■ Goal of the exercise
Find every line in the entries that holds the string "para" and report it.

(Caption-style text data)
=======
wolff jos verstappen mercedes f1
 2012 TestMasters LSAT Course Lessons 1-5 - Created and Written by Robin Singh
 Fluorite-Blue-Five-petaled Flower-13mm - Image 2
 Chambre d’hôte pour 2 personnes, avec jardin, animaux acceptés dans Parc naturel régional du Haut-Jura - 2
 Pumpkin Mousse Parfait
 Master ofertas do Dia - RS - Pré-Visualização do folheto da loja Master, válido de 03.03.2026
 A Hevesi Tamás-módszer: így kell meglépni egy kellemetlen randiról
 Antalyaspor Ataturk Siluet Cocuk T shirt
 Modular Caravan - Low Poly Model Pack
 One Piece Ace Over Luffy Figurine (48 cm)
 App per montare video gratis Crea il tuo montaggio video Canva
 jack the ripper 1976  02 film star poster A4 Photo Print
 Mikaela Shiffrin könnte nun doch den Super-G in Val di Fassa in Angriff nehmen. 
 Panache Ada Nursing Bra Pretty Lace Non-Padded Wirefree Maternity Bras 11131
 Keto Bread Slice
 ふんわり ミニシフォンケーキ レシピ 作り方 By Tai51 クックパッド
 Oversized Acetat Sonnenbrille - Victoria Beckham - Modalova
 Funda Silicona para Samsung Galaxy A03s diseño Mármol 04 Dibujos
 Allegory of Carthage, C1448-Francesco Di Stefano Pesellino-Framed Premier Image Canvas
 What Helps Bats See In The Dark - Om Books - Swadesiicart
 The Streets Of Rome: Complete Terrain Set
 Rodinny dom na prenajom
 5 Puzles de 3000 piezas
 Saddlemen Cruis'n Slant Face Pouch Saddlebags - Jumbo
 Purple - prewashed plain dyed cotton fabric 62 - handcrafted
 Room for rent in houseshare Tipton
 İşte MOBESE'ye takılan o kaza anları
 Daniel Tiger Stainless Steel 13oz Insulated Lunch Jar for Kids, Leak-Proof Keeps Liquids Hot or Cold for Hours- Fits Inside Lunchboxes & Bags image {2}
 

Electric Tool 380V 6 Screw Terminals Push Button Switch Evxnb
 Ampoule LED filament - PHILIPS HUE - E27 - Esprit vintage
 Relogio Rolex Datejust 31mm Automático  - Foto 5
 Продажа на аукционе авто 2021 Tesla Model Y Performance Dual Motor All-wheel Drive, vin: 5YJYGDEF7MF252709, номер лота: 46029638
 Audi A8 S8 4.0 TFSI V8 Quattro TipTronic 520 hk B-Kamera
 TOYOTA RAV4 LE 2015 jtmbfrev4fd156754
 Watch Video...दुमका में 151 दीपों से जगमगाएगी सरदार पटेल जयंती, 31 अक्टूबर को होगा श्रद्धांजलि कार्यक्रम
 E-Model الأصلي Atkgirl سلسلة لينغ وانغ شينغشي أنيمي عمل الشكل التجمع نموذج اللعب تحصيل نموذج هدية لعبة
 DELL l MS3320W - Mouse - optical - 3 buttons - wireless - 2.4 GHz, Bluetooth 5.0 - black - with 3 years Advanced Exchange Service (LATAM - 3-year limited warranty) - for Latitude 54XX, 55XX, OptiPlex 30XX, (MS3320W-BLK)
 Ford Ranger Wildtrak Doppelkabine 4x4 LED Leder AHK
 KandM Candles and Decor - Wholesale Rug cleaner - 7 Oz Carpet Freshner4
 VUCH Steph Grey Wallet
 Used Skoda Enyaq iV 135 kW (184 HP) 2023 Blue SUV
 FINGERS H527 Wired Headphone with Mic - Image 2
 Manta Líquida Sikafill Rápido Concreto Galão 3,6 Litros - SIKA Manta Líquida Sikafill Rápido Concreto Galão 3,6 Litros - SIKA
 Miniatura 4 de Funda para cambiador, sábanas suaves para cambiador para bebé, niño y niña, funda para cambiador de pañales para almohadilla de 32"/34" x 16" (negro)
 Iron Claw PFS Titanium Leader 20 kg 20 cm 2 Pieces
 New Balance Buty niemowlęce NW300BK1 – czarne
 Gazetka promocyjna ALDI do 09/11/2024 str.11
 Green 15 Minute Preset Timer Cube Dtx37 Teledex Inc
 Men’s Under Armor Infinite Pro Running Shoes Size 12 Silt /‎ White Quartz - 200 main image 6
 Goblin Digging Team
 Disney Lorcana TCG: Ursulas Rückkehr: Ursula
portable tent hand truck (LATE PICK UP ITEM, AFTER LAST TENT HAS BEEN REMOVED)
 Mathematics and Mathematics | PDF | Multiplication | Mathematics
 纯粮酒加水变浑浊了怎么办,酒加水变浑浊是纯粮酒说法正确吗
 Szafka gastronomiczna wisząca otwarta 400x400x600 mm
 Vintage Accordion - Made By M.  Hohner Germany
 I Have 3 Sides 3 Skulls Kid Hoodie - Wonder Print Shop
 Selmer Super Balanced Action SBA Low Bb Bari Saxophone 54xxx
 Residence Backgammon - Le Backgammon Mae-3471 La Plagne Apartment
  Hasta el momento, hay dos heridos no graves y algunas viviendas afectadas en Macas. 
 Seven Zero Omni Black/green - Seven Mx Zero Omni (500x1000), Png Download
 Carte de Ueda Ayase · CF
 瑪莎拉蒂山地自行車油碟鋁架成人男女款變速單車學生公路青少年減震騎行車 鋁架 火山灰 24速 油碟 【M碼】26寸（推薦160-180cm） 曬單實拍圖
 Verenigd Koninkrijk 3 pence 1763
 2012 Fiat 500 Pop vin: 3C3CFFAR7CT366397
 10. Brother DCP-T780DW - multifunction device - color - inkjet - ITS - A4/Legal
=======
■ Answer space
 Funda Silicona para Samsung Galaxy A03s diseño Mármol 04 Dibujos
 Miniatura 4 de Funda para cambiador, sábanas suaves para cambiador para bebé, niño y niña, funda para cambiador de pañales para almohadilla de 32"/34" x 16" (negro)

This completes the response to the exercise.